Monday, 30 June 2014

"gluster-deploy" Updated to Support Multiple Volume Configurations

When I started the gluster-deploy project, the main requirement I had for a gluster setup wizard was to support a single volume configuration. However, over time that's changed - in no small part, due to OpenStack!

Once glusterfs provided support for OpenStack, multi-volume setups were needed to support different volumes for glance and cinder, each optimised for their respective workloads.

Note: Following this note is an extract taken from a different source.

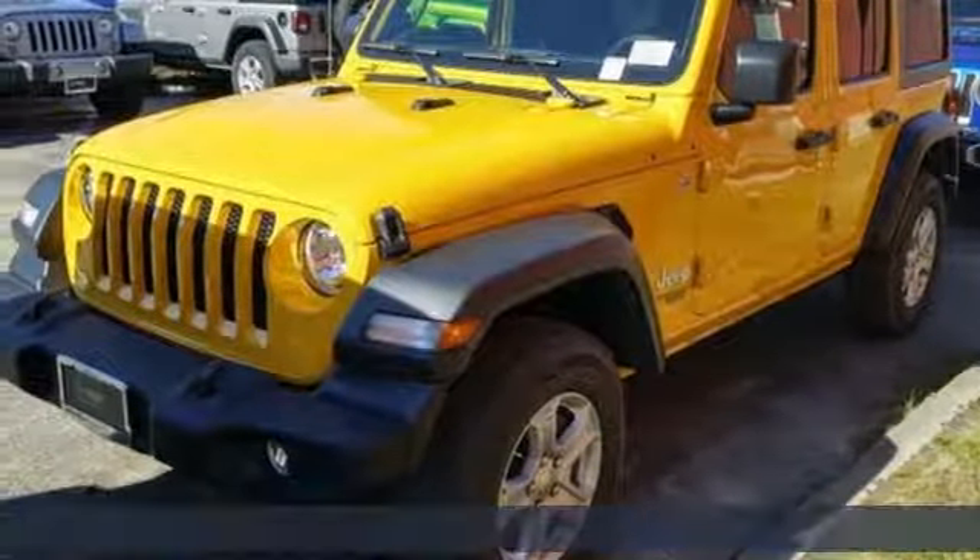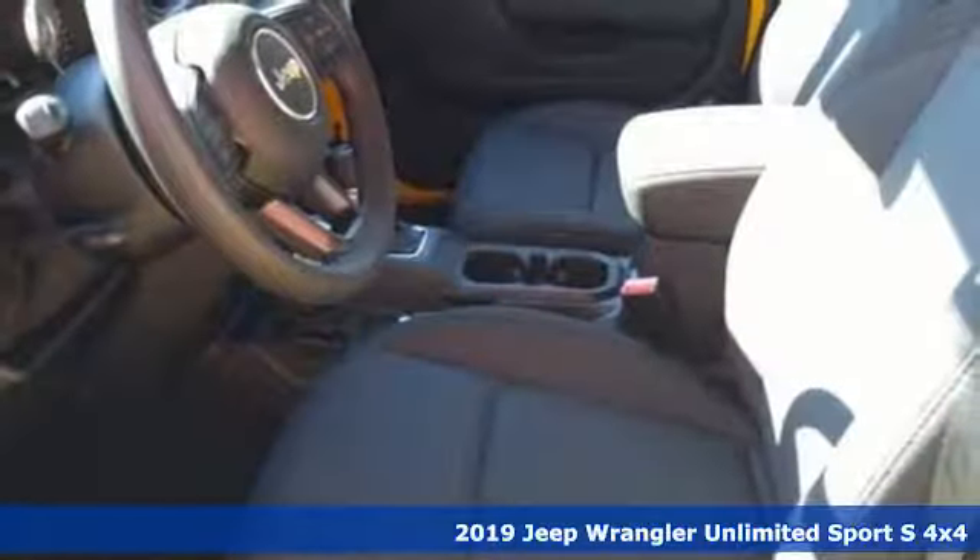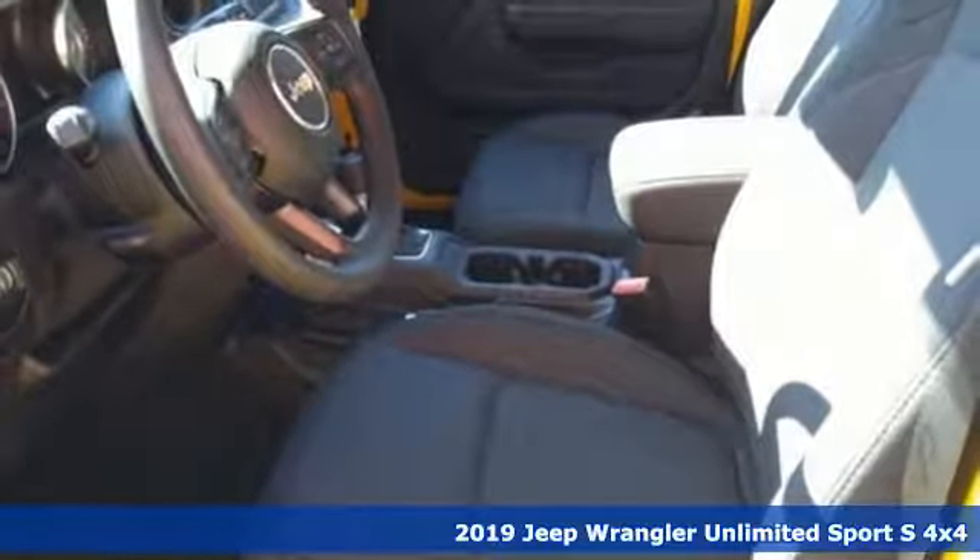Here's a new 2019 Jeep Wrangler Unlimited. The Jeep life fits your life. Plus, it offers an exciting list of features.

So this requirement slowly rose to the top of my to-do list, and now version 0.8 is available on the gluster forge. The 0.7 and 0.8 releases have extended the tool to provide:

  • support for thin provisioned gluster bricks based on LVM
  • support for raid alignment of the bricks (through globals set in the deploy.cfg file)
  • more flexibility on the node discovery page (you can now change you mind when defining which peers to use in your config)
  • introduced a volume queue concept to allow multiple volume to be defined in a single run
  • provide the ability to change characteristics of the volumes in the queue
  • added the ability to mount volumes defined for hadoop across all nodes (converged storage + compute use case)
  • provide the ability to set a tuned profile across all nodes during the brick creation phase

Here's a video showing the tool running against a beta version of the new Red Hat Storage 3.0 product, which also provides a quick taste of volume level snapshots that are coming in version 3.6 of glusterfs.

Onwards, towards 1.0!

Sunday, 2 March 2014

What's your Storage Up to?

Proprietary and Software Define Storage platforms are getting increasing complex as more and more features are added. Let's face it, complexity is a fact of life! The thing that really matters is whether this increasing complexity makes the day-to-day life of an admin easier or harder.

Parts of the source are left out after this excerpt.